## Records provided

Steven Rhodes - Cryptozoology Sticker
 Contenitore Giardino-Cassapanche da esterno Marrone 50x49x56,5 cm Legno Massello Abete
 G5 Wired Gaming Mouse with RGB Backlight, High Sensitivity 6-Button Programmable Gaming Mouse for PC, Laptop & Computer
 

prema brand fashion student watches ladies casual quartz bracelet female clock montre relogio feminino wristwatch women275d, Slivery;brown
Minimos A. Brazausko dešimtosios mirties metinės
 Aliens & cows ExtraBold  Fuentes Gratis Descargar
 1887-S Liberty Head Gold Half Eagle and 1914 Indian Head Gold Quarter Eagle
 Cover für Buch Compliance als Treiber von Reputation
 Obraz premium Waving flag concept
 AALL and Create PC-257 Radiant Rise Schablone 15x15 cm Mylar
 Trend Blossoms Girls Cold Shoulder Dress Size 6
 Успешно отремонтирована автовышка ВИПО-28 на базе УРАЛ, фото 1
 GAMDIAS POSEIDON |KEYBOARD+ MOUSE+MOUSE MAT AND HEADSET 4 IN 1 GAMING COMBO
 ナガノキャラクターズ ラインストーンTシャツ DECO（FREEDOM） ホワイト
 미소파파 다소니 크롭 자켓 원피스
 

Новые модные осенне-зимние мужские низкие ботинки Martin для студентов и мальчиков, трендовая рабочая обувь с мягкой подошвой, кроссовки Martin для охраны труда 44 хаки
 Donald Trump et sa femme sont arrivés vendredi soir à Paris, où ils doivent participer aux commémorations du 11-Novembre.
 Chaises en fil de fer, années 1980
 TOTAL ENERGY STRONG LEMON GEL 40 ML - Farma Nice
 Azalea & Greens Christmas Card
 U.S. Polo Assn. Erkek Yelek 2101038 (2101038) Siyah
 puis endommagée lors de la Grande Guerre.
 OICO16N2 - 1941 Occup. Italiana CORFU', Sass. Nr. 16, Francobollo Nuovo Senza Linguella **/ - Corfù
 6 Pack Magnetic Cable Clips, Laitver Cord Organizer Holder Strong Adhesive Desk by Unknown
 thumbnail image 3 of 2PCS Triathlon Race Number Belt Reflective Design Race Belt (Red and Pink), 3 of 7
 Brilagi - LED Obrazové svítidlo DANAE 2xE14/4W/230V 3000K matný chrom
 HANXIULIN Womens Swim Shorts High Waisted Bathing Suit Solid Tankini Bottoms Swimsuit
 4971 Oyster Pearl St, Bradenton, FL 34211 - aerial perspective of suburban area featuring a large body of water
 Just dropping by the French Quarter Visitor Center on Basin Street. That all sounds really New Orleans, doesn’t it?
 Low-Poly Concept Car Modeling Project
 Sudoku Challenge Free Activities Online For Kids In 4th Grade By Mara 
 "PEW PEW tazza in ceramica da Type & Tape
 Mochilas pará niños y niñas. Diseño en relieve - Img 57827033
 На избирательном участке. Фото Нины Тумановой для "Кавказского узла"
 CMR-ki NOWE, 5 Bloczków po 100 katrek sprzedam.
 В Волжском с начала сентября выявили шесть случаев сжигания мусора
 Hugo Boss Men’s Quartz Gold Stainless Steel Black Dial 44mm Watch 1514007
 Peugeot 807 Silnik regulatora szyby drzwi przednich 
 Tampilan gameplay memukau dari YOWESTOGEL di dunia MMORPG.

## What the task requires
Word for word, please print every line from the beginning of the records to the line bearing "Успешно отремонтирована автовышка", counting both ends and stopping there.

## Problem solution
Steven Rhodes - Cryptozoology Sticker
 Contenitore Giardino-Cassapanche da esterno Marrone 50x49x56,5 cm Legno Massello Abete
 G5 Wired Gaming Mouse with RGB Backlight, High Sensitivity 6-Button Programmable Gaming Mouse for PC, Laptop & Computer
 

prema brand fashion student watches ladies casual quartz bracelet female clock montre relogio feminino wristwatch women275d, Slivery;brown
Minimos A. Brazausko dešimtosios mirties metinės
 Aliens & cows ExtraBold  Fuentes Gratis Descargar
 1887-S Liberty Head Gold Half Eagle and 1914 Indian Head Gold Quarter Eagle
 Cover für Buch Compliance als Treiber von Reputation
 Obraz premium Waving flag concept
 AALL and Create PC-257 Radiant Rise Schablone 15x15 cm Mylar
 Trend Blossoms Girls Cold Shoulder Dress Size 6
 Успешно отремонтирована автовышка ВИПО-28 на базе УРАЛ, фото 1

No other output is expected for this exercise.